For their 2 arg arities, every standard signal creator _except_ [event!](https://cljdoc.org/d/com.taoensso/telemere/CURRENT/api/taoensso.telemere#event!) takes an opts map as its _first_ argument.
Why the apparent inconsistency?
It's an intentional trade-off. `event!` is unique in 3x ways:
1. Its primary argument is typically very short (just an id keyword).
2. Its primary argument never depends on `:let` bindings.
3. Its opts typically include long or even multi-lined `:data`.
If `event!` shared the same arg order as other signal creators, the common case would be something like `(event! {:data <multi-line>} ::dangling-id)` which gets unnecessarily awkward and doesnt read well IMO. I want to know what event were talking about, before you tell me about the associated data.
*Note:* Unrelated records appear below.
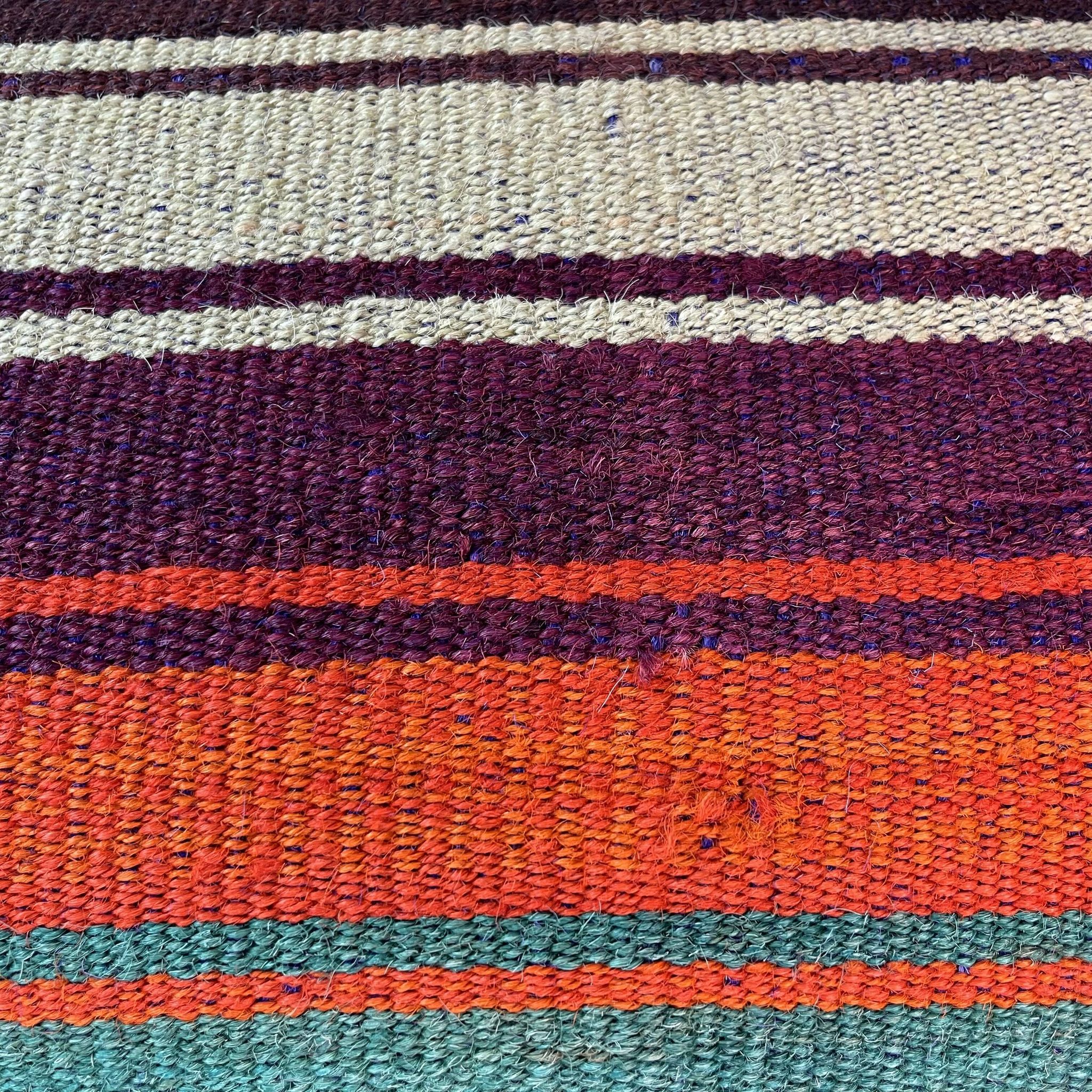 Housse de coussin kilim turc vintage, 30 x 50 cm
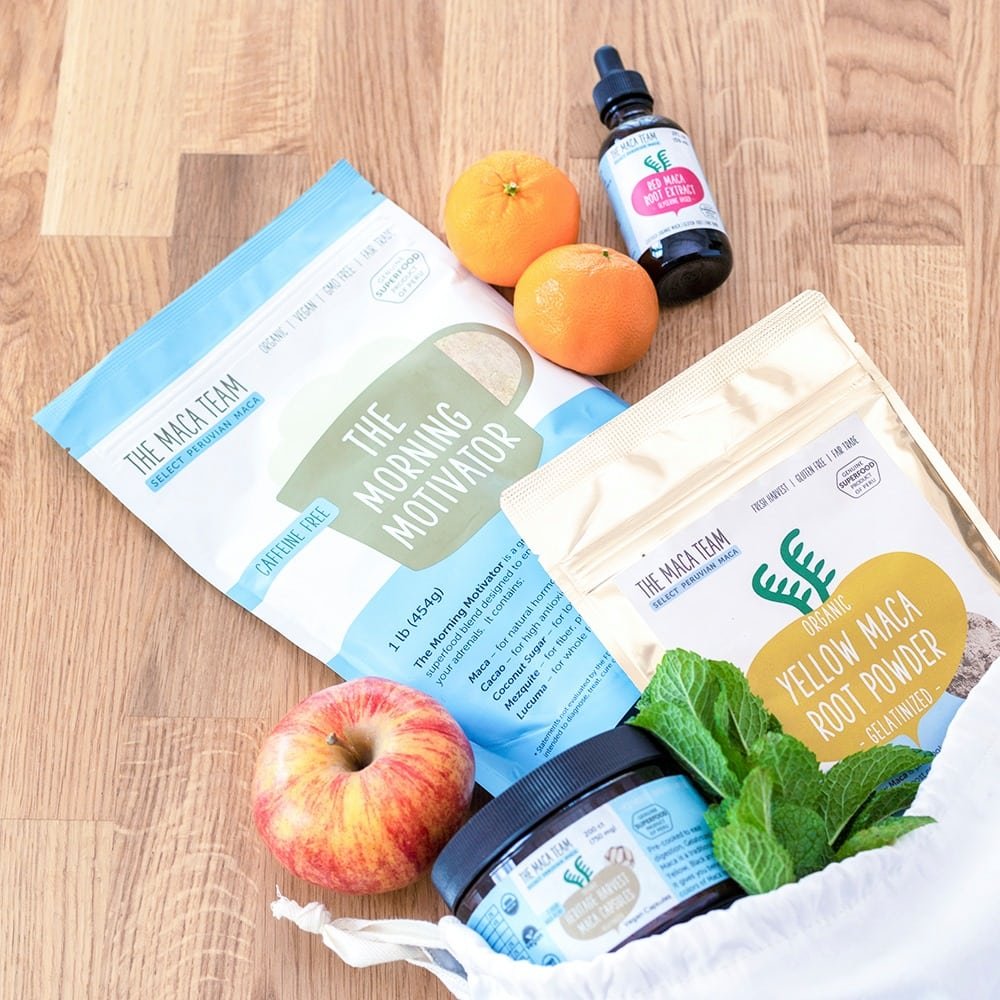 The Maca Team Products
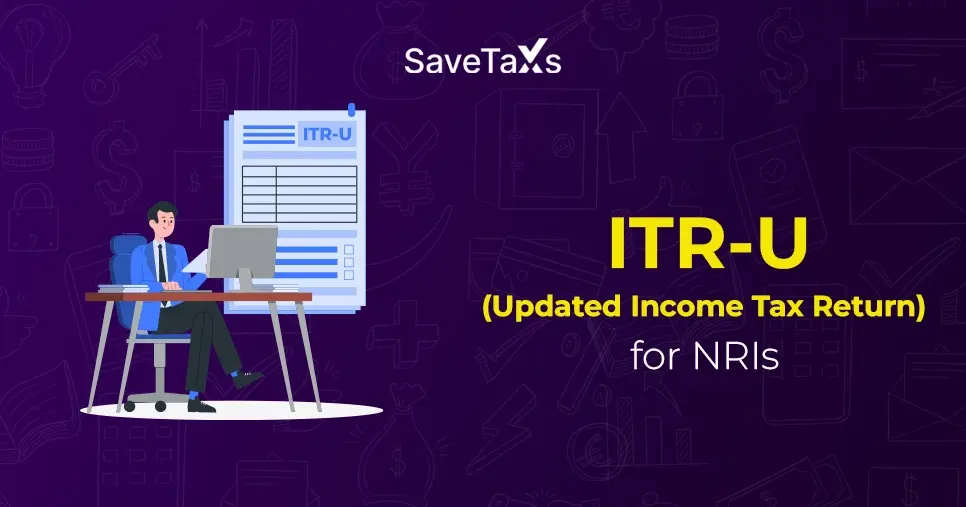 TR-U (Updated Income Tax Return)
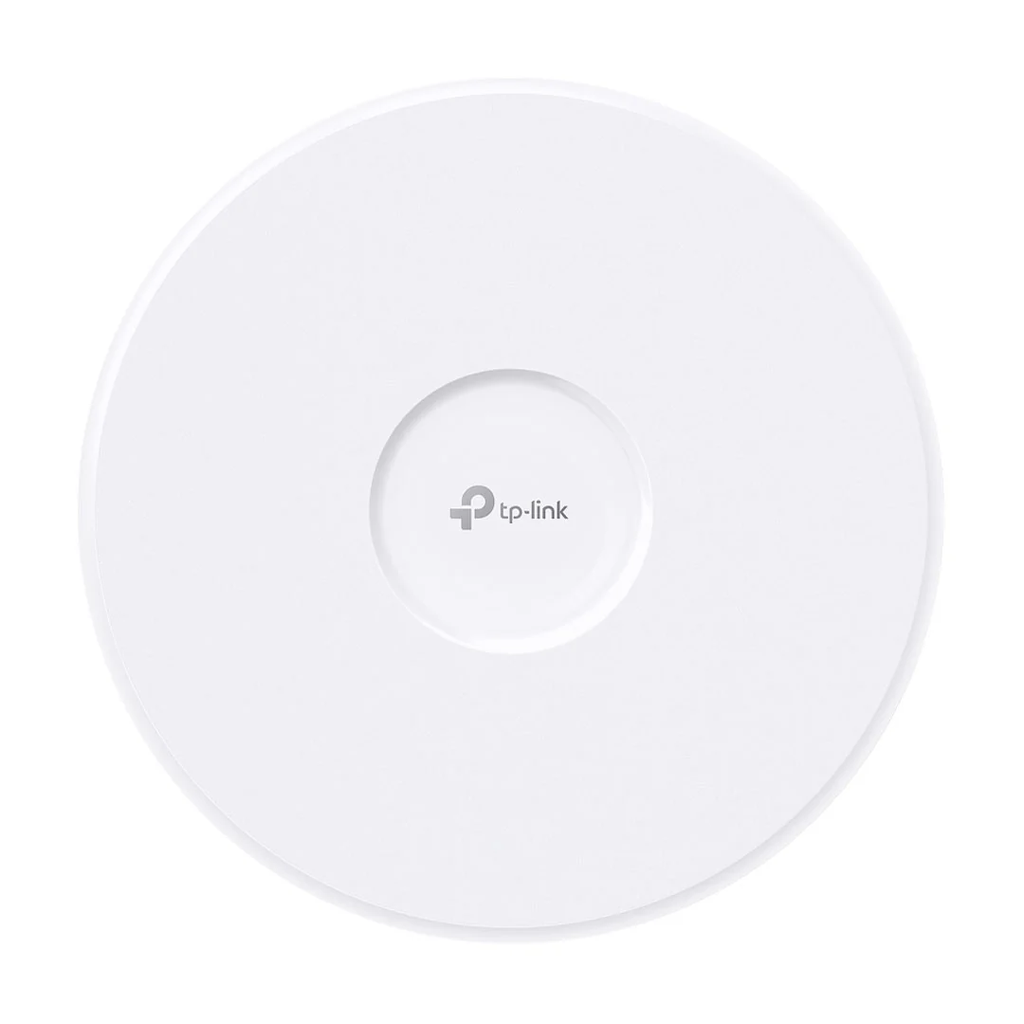Punto de acceso Omada Wi-Fi 7 de montaje en techo BE11000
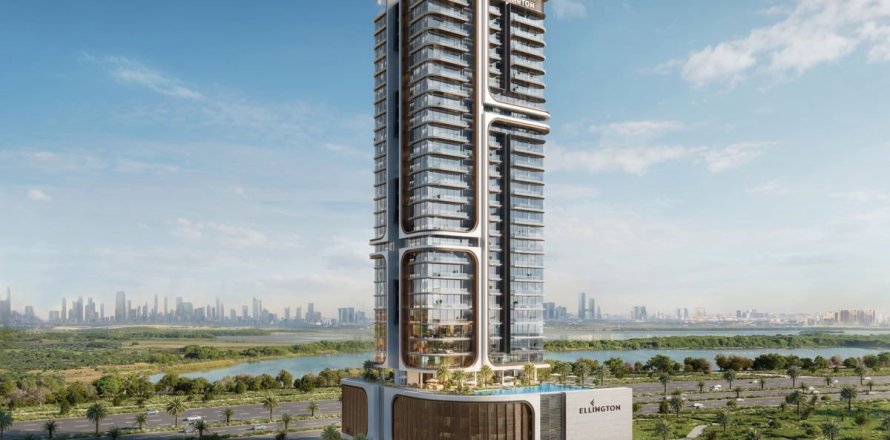 Apartment de 1 dormitorio en Mohammed Bin Rashid City, UAE No. 185163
In contrast, creators like `log!` both tend to have a large/r primary argument (message) - and their primary argument often depends on `:let` bindings - e.g. `(log! {:id ::my-id, :let […]} <message depending on let bindings>)`. In these cases it reads much clearer to go left->right. We start with an id, specify some data, then use that data to construct a message.
So basically the choice in trade-off was:
1. Prefer **consistency**, or
2. Prefer **ergonomics** of the common case usage
I went with option 2 for several reasons:
- There _is_ actually consistency, its just not as obvious - the typically-larger argument always goes _last_.
- Most IDEs generally do a good job of reminding about the arg order.
- The same trade-off may come up again in future for other new signal kinds, and I prefer that we adopt the pattern of optimising for common-case ergonomics.
- One can always easily call `signal!` directly - this takes a single map arg, so lets you easily specify all args in preferred order. (I tend to exclusively use `signal!` myself since I prefer this flexibility).
If theres popular demand, Id also be happy to add something like `ev!` which could choose the alternative trade-off. Though Id recommend folks try `event!` as-is first, since I think the initial aversion/surprise might wear off with use.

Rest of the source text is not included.